Forum Moderators: goodroi
This is the first post I dear to make at this awesome forum ;)
Short problem description:
In the past my site had a timestamp for pages as a varibale. Changed the system and they are all now redirecting to a static page (301 status)
However google is still going amok and is spidering hundreds of "clones":
"GET /publications/publications_body.html?keep=20:10 HTTP/1.0"
"GET /publications/publications_body.html?keep=22:14 HTTP/1.0"
"GET /publications/publications_body.html?keep=04:28 HTTP/1.0"

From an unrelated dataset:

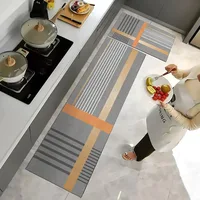 Kitchen Floor Mat Long Strip Rug Anti-slip Oil-proof Carpet Pvc Leather Waterproof Foot Mats Modern Style Home Decoration Rugs 2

I did read someplace else that this should work:
Disallow: *keep=*
Now my robots.txt looks like this (in short):
User-agent: *
Disallow: /pics/
Disallow: /images/
Disallow: /php/
Disallow:
User-agent: googlebot
Disallow: /pics/
Disallow: /images/
Disallow: /php/
Disallow: *keep=*
Disallow:
I am wondering if someone knows if I missed something and if google will be able to "handle" that special wildcard construct.
Would be happy if you could help me out!
Thanks
I did read someplace else that this should work:Quit reading there! ;) I've never encountered anything even remotely similar...
Google details their proprietary extensions to the robots exclusion protocol here [google.com] in the first question of the Googlebot Technology Questions section.